Court ruling described as harming Muslim holy sites

Muslim authorities expressed outrage on Thursday after the Israeli High Court gave the go-ahead for the construction of a Museum of Tolerance on the site of a Muslim cemetery in Jerusalem.

The Mufti of Jerusalem, Sheikh Mohammed Hussein, called the court ruling a "grave decision" which "harms the Muslim holy sites."

He said it was difficult to believe the project's promoters would want to build a Museum of Tolerance "whose construction constitutes an act of aggression."

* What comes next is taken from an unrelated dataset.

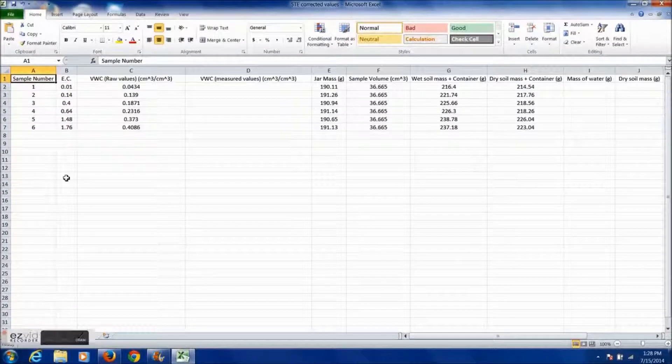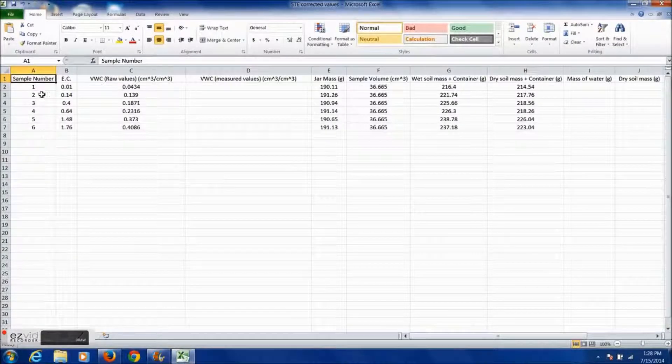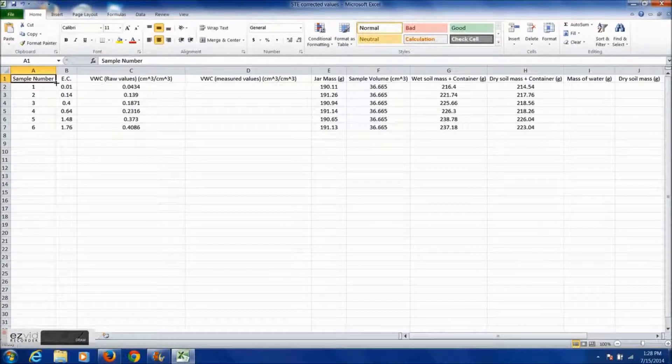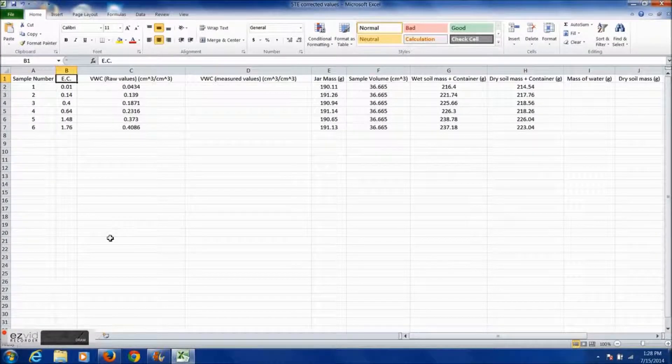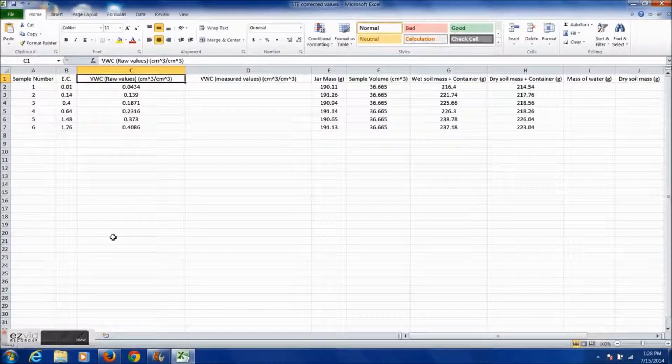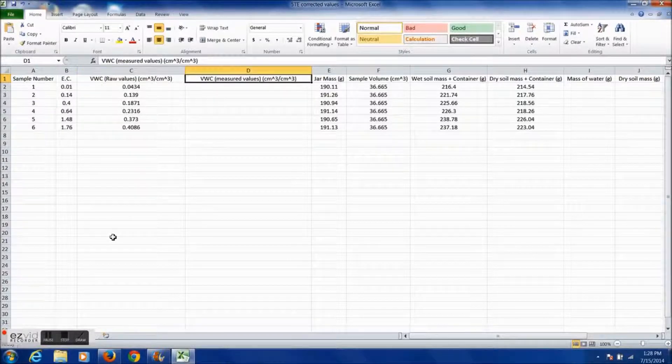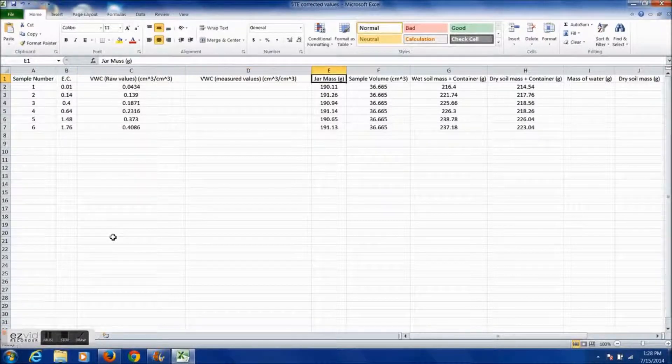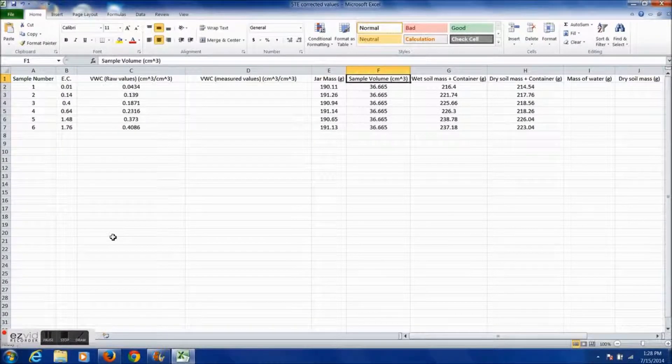In the previous video, I ran an experiment to collect the data shown now. Hello and welcome. This video will show you how to make the calibration curve for the Decagon 5TE Soil Moisture Sensor.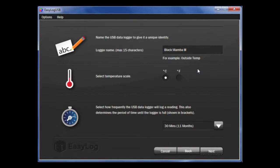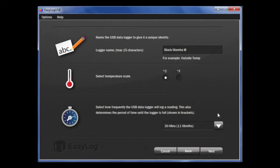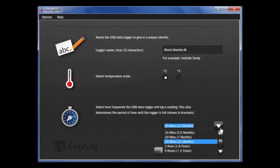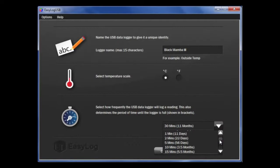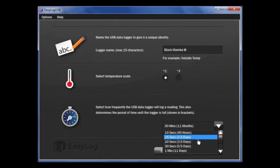Next, you can choose between degrees Celsius or Fahrenheit. Then, choose how often you want the logger to take a reading. You will note with these options in brackets, it shows how long it will take the data logger to fill up with data. Once that is complete, click Next.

The High Court on Wednesday rejected appeals by two Muslim organizations which complained that the museum would be built over part of an ancient Muslim cemetery.

"We will mobilize in the Arab and Muslim world so that it puts pressure to halt the project," said Sheikh Raed Salah who heads Israel's Islamic Movement.

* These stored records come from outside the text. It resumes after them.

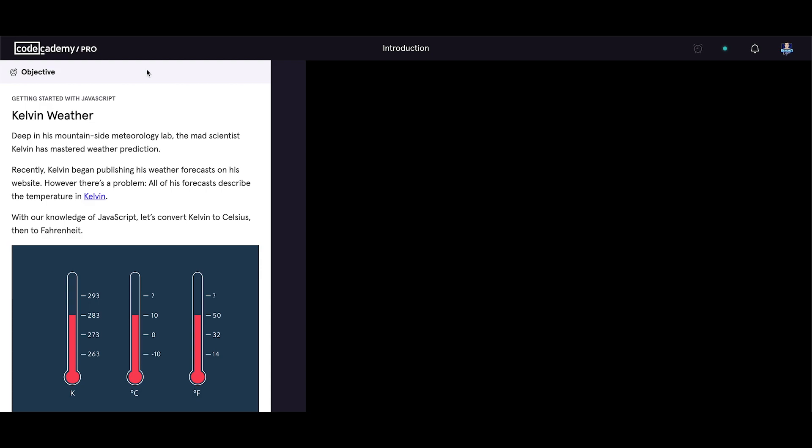Now we will go over our first project in JavaScript variables module. Getting started with JavaScript Kelvin Weather. Deep in his mountainside meteorology lab, the mad scientist Kelvin has mastered weather prediction. Recently Kelvin began publishing his weather forecasts on his website. However, there is a problem. All of his forecasts describe the temperature in Kelvin. With our knowledge of JavaScript, let's convert Kelvin to Celsius, then to Fahrenheit.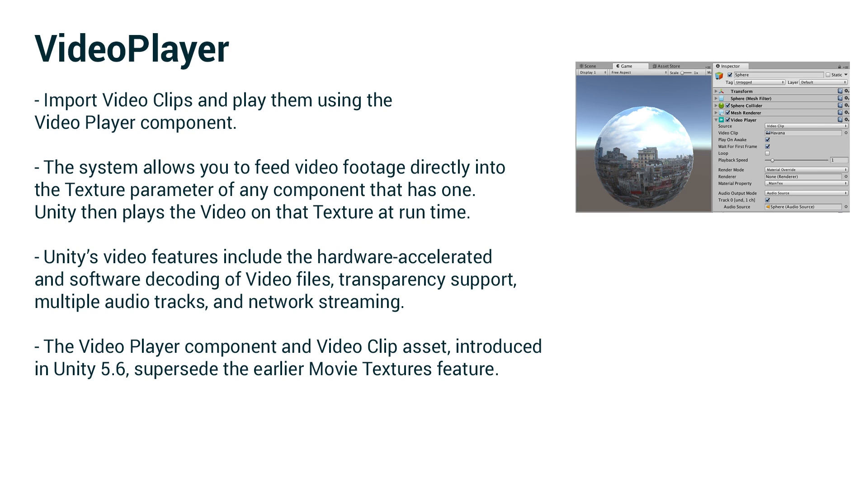The video player component and video clip asset introduced in 5.6 supersede the earlier movie textures feature. So previously if you wanted to play video in Unity you would have used a movie texture and that has now been effectively replaced. It's not deprecated, it's still there,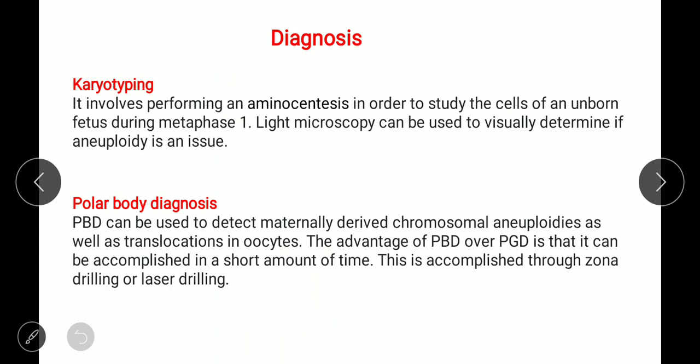Polar body diagnosis can be used to detect maternally derived chromosomal aneuploidy as well as translocations. Translocation is a type of mutation. The advantage of this diagnosis is that it can be accomplished in a short amount of time. It can be performed through zona drilling or laser drilling.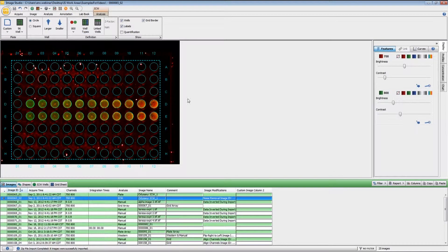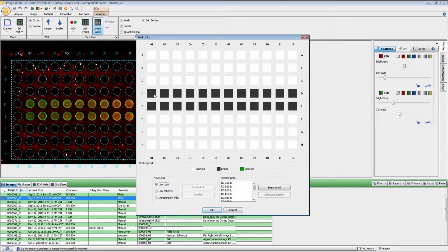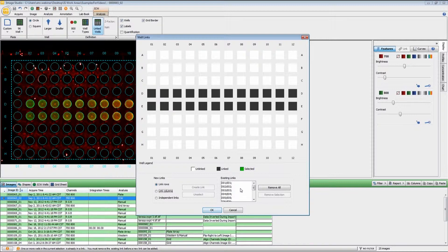Click OK. You can also create linked wells. If you have replicates — both of these rows are replicates — so if I click Linked Wells, I'm going to highlight all of those wells and then link the rows together. Now E1 and D1 are linked, D2 and E2, and so on. During the quantification and analysis, it will average the signal from both of those wells to come up with the appropriate calculations.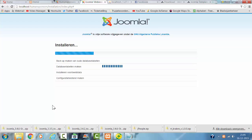It's now installing the template and Joomla. Because it's a quick start, it's installing everything.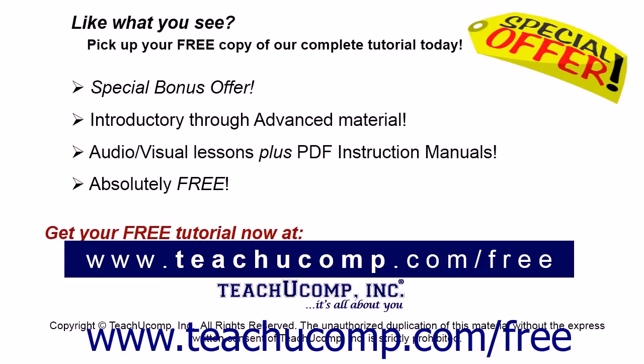Like what you see? Pick up your free copy of the complete tutorial at www.teachucomp.com/free.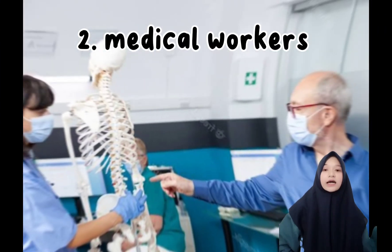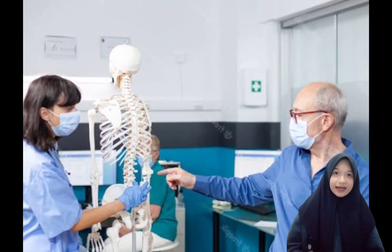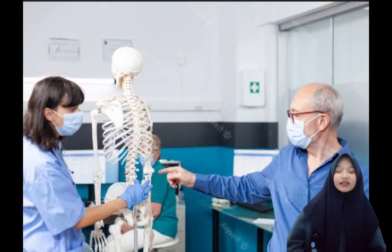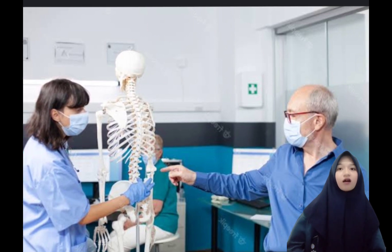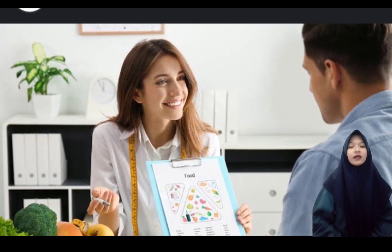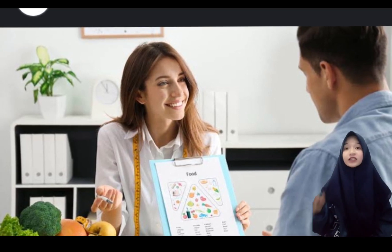I will tell you about medical ward. First, orthopedics is a medical specialty that focuses on bones, joints, and other disorders of the musculoskeletal system. Second, a nutritionist is an expert in the field of food and nutrition, giving people advice on what to eat in order to live a healthy lifestyle.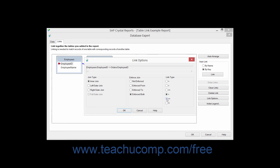Selecting the Less Than or Equal link type will select records from the linked tables where the value from the field in the primary table from which you are linking is less than or exactly equal to the value in the field in the related table to which you are linking. Finally, you can set the join to have the Not Equal link type, which will select records from the linked tables where the value from the field in the primary table from which you are linking is not equal to the value in the field in the related table to which you are linking.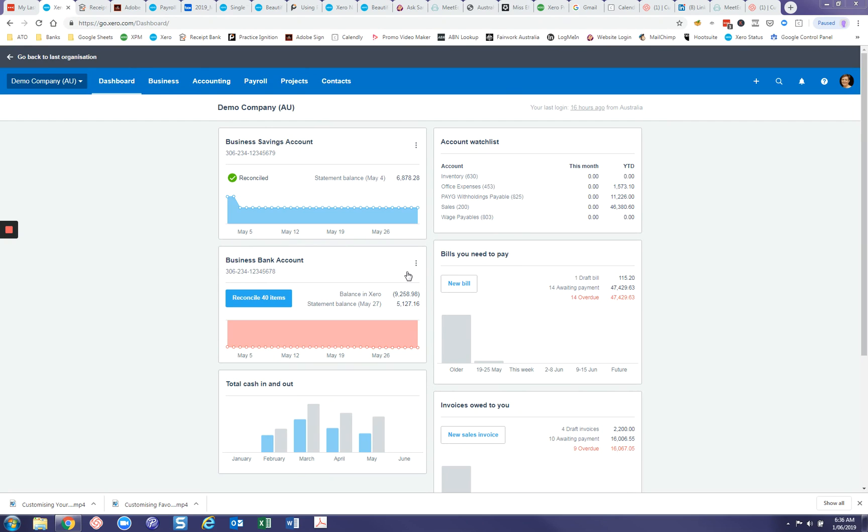Today I'm going to show you how to create custom reports in Xero. There are quite a few reports already in Xero and I think you would be pretty hard pressed not to find a report that you're looking for.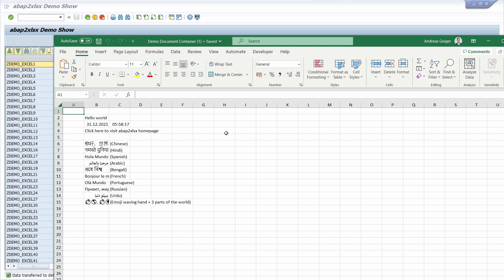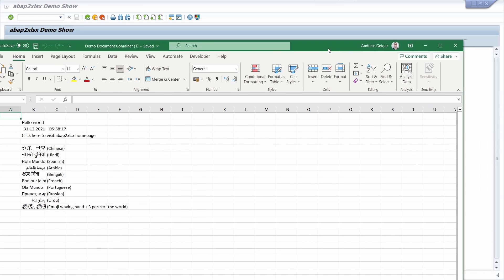In the video description I will link a couple of videos that might be useful to you: how you can install ABAP to Excel, the open source tool; how you can install ABAP Git, which is a prerequisite for ABAP to Excel; and how you can automate the SAP data export into Excel via SAP GUI scripting. I've produced videos on those, but now I would like to show you ABAP to Excel with a use case.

Arab-Israeli MP Mohammed Barakeh called the decision an Israeli attempt to "wipe out the Arab and Muslim character of Jerusalem".

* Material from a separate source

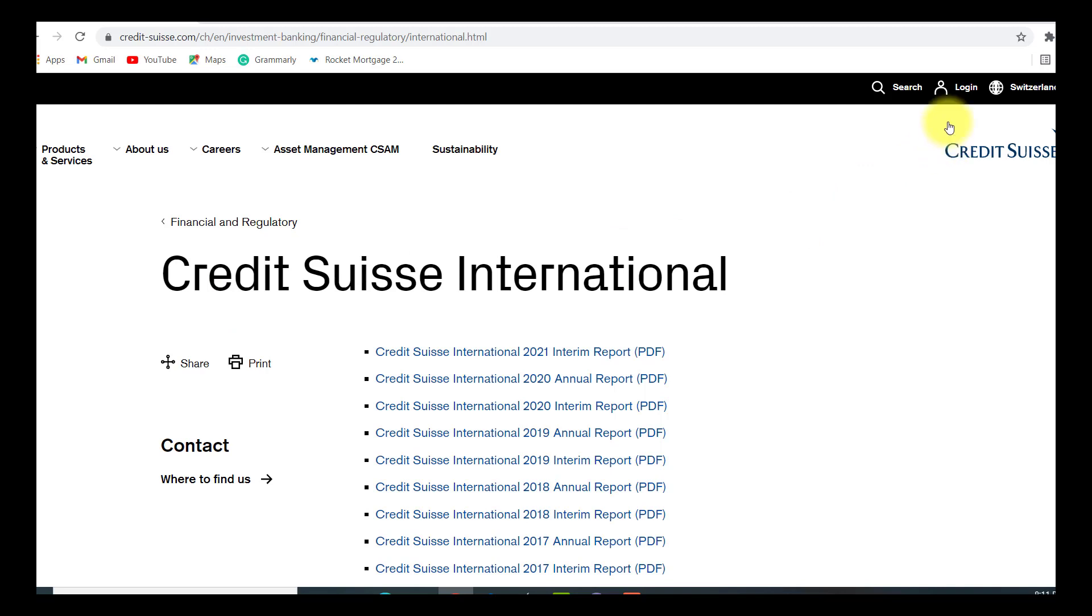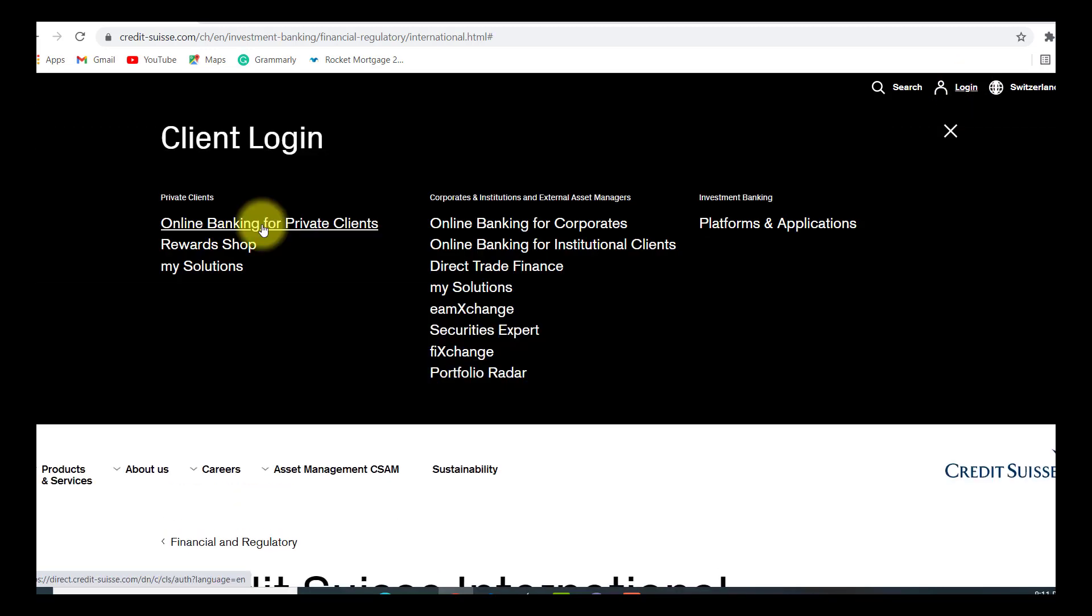Now, on the top right corner of the screen, you will be able to see login. Click on it and click on online banking for private clients option.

The Nazi-hunting Simon Wiesenthal Centre is the main promoter of the museum, designed by renowned U.S. architect Frank Gehry.

"Moderation and tolerance have prevailed, said Rabbin Marvin Hier, the dean of the centre, following the court's decision.

"All citizens of Israel, Jews and non-Jews, are the real beneficiaries of this decision," he said.